Von Johannes Aumüller, Frankfurt

Aus der letzten Stuhlreihe des Presseraumes ertönte eine brummige Stimme. Ihr Besitzer plärrte natürlich nicht unhöflich nach vorne, er war aufgerufen worden vom Moderator, und dann lieferte er auch die gewünschte Phrase: "Lebbe geht weider", sagte also Dragoslav Stepanovic, inzwischen 71 Jahre alt, aber selbstverständlich immer noch mit Schnauzer und Schalk ausgestattet, in Richtung von Adi Hütter, seinem 16. Nachfolger als Trainer von Eintracht Frankfurt.

Natürlich konnte das Vortragen dieses Zitats im Zusammenhang dieses Abends maßlos übertrieben erscheinen. Das Original-Lebbe-geht-weider war ja nach dem dramatischen 34. Bundesliga-Spieltag anno 1992 entstanden, an dem Frankfurt den sicher geglaubten Meistertitel verspielte. Am Donnerstagabend war gerade mal die erste von sechs Europa-League-Vorrundenpartien gegen den unbestritten besten Gruppengegner, den FC Arsenal, 0:3 verloren gegangen. Noch dazu hatten die Frankfurter eine gute Leistung gezeigt. Aber das Zitat ist längst inflationärer Benutzung ausgesetzt, zudem war der Abend auf gewisse Weise vielleicht doch mehr als nur ein 0:3 zum Gruppenstart.

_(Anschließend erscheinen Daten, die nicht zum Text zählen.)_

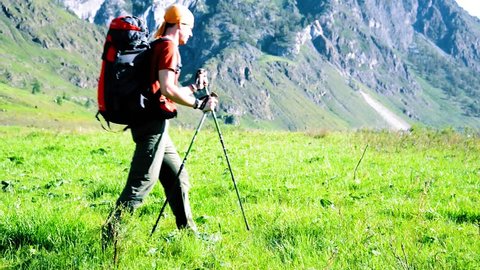 FHD Hiking man walking on green mountain meadow with backpack. Tourist travelling in sunny outdoors. Summer sport and recreation concept.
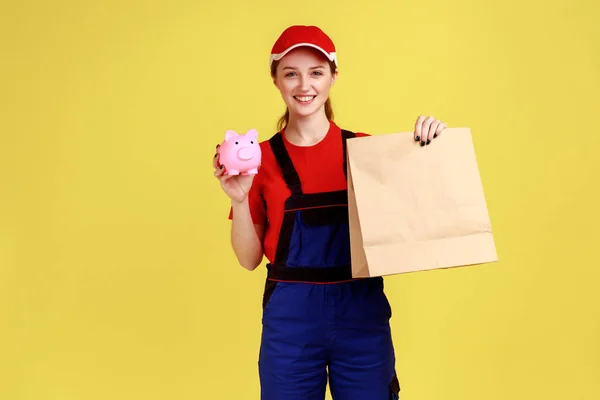 Portrait Delivery Woman Holding Paper Parcel Piggybank Looking Camera Happy — Stockfoto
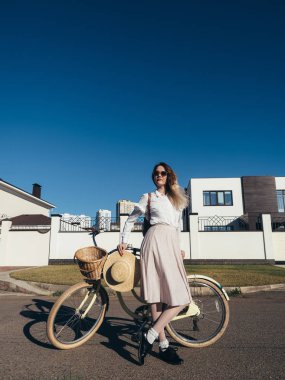 Güzel kız şapkalı ve kruvazör Bisiklet banliyösünde tarafından elbise.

Europa war im Vorjahr das Frankfurter Thema schlechthin gewesen, sportlich wie atmosphärisch. Sechs Siege in sechs Gruppenspielen der Europa League, danach Triumphe gegen Donezk, Lissabon und Mailand, der K. o. erst im Elfmeterschießen des Halbfinales gegen den FC Chelsea - ein einziges europäisches Märchen war es. Eine Niederlage in einem Europa-Heimspiel hatte es gefühlt seit Stepanovic nicht mehr gegeben (und tatsächlich seit dem 1:2 gegen Palermo 2006 und 16 Heimspielen nicht mehr). Die Fans feierten auch am Donnerstag unverdrossen weiter, als habe es die nächste schöne europäische Nacht gegeben. Aber drinnen musste sich Hütter schon fragen lassen, ob sein Team zurück in der Realität sei.

"Enttäuscht sind wir alle, das bin ich natürlich auch, wenn ich das Ergebnis mit den nackten Zahlen sehe", sagte der Coach. Aber die Leistung sei ansprechend gewesen, und er glaube, dass "die Erwartungshaltung riesengroß geworden ist aufgrund der letzten Saison", so Hütter.

Es gab an diesem Abend durchaus Grund für positive Frankfurter Einschätzungen. Denn sie waren etwas mehr als eine Stunde dem FC Arsenal ebenbürtig, der allerdings nicht in Bestbesetzung angetreten war. Viele Torchancen hatte die SGE, der Schuss zum Rückstand nach 38 Minuten war unglücklich, weil abgefälscht, und die beiden Tore der Londoner in der Schlussphase fielen, als Frankfurt nach Dominik Kohrs gelbroter Karte (79.) in Unterzahl war.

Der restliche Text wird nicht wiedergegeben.